# TRY IT:
Each line from the one with "L'arcivescovo Delpini parla" through the final line of the entries below must be printed exactly, and the pictures must not be.

# RECORDS TO PROCESS:
^^^^^^^^
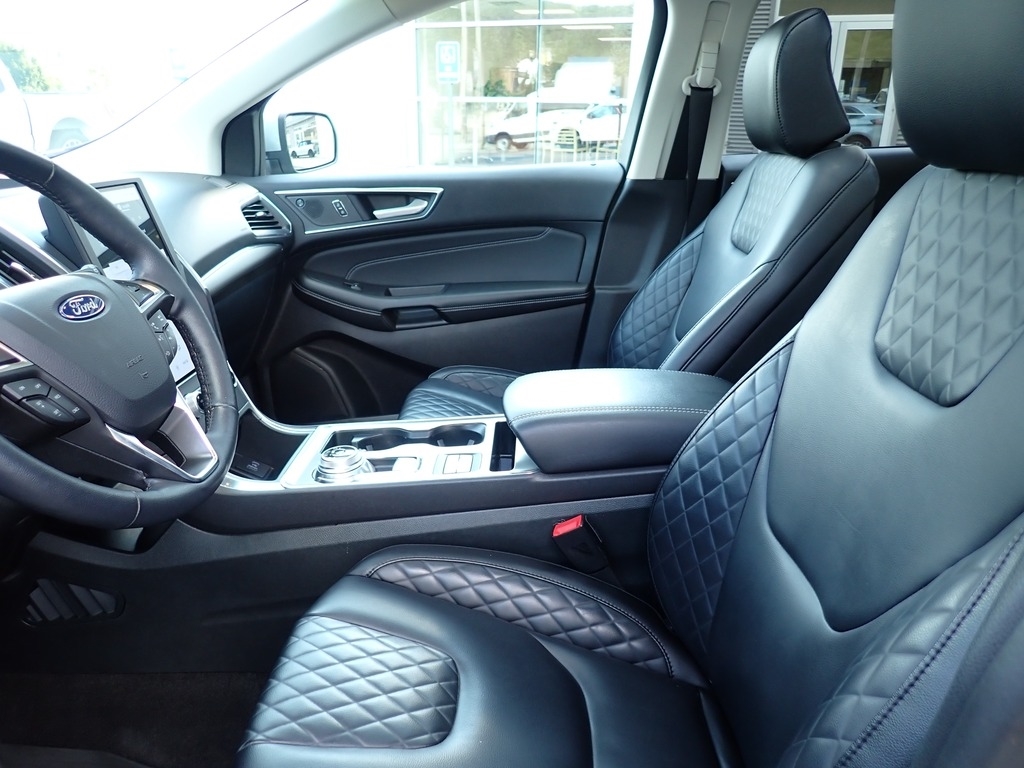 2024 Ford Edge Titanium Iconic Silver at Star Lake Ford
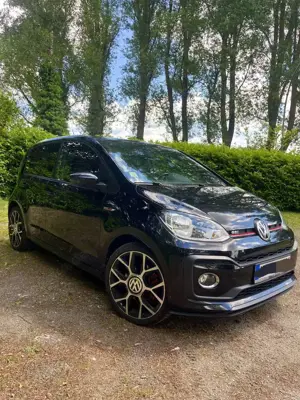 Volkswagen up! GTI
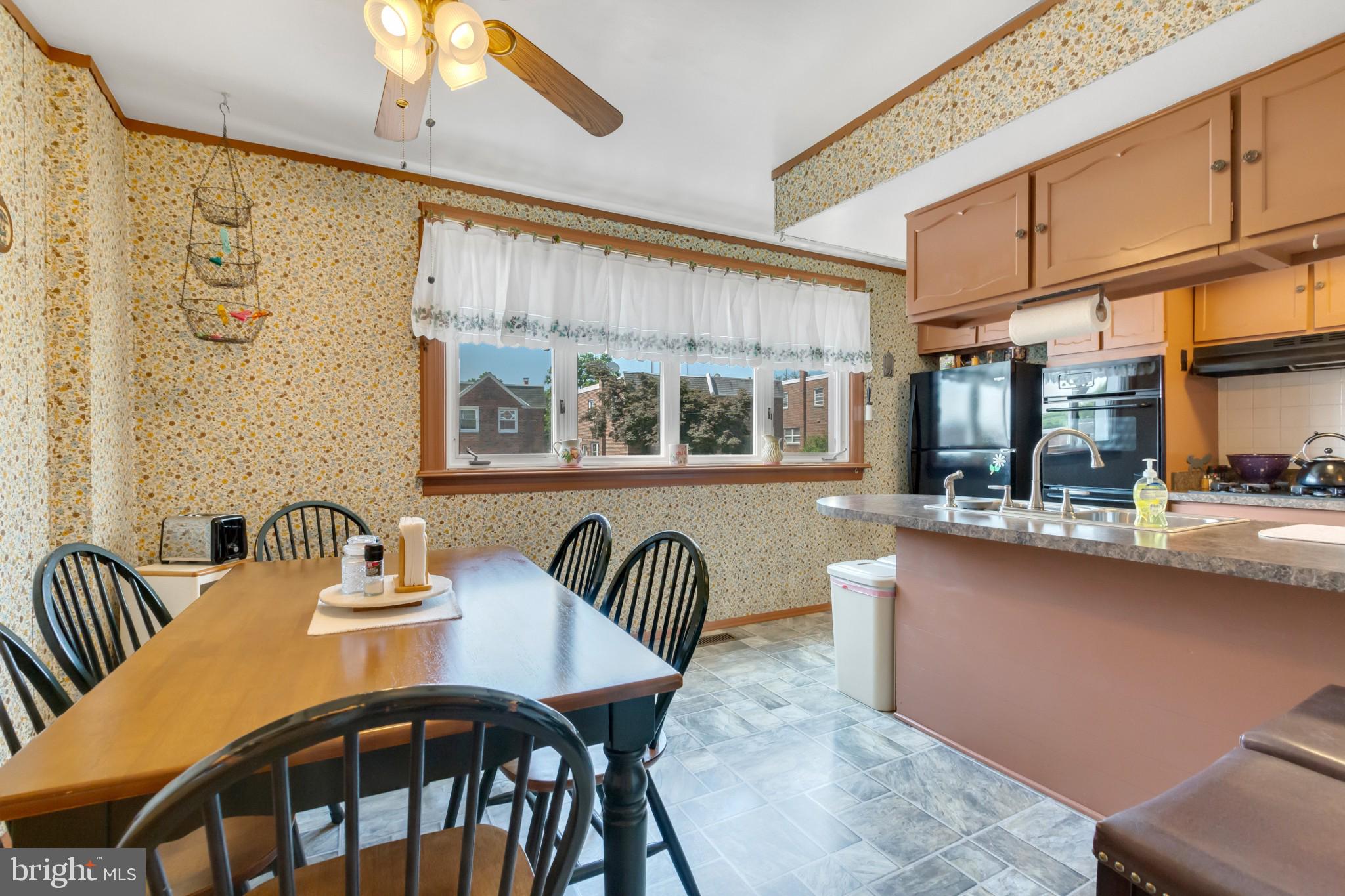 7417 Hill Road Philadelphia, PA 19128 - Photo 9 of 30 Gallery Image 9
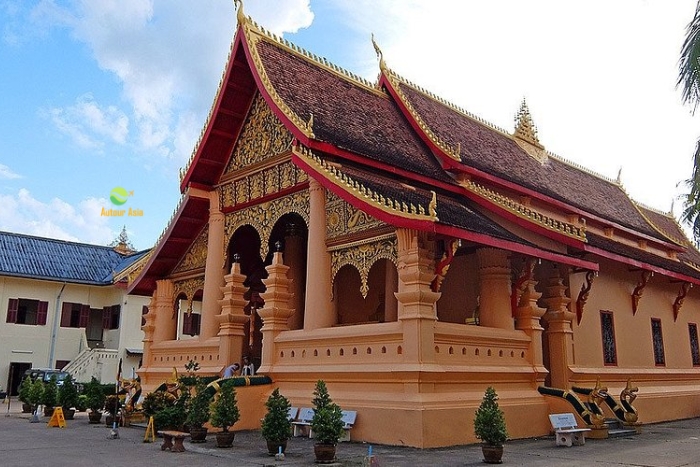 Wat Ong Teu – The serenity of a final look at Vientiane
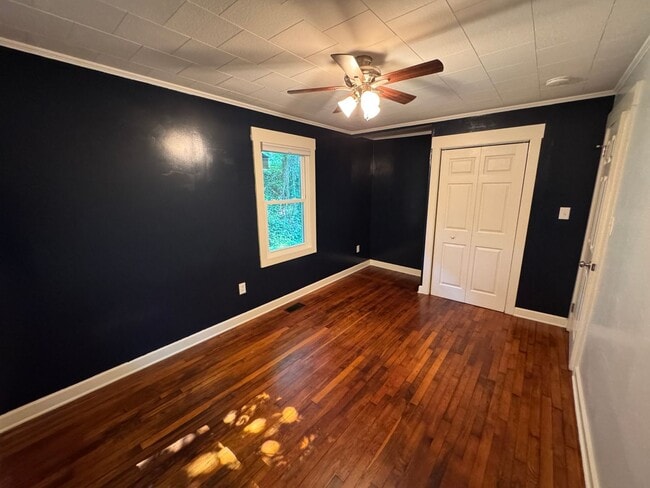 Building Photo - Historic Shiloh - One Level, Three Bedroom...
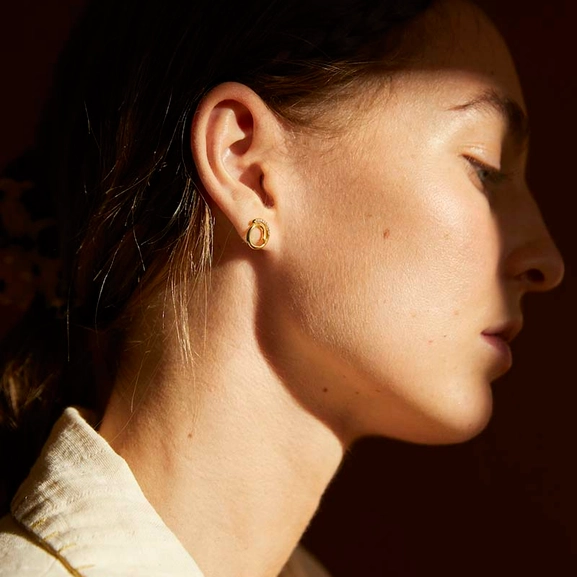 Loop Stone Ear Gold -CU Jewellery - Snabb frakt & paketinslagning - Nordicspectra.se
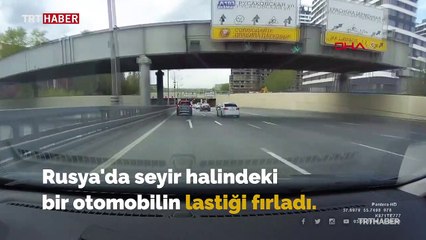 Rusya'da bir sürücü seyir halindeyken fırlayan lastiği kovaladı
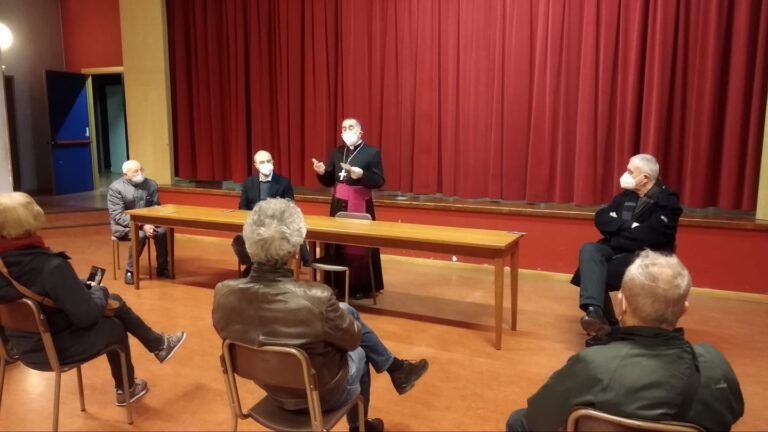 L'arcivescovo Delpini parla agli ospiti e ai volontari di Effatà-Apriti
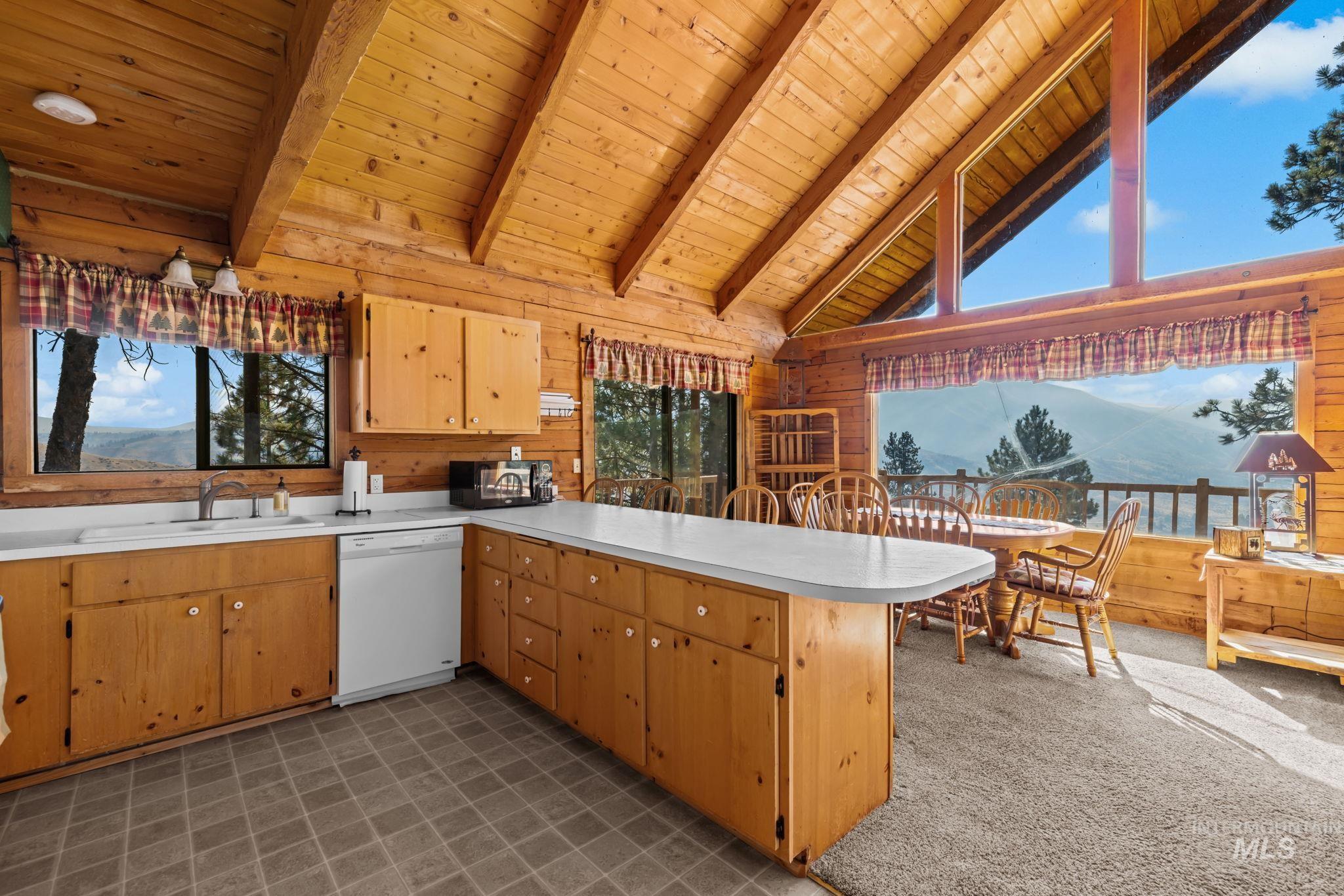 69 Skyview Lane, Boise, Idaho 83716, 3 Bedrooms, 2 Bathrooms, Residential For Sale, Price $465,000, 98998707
^^^^^^^^
# WORKED SOLUTION:
 L'arcivescovo Delpini parla agli ospiti e ai volontari di Effatà-Apriti
 69 Skyview Lane, Boise, Idaho 83716, 3 Bedrooms, 2 Bathrooms, Residential For Sale, Price $465,000, 98998707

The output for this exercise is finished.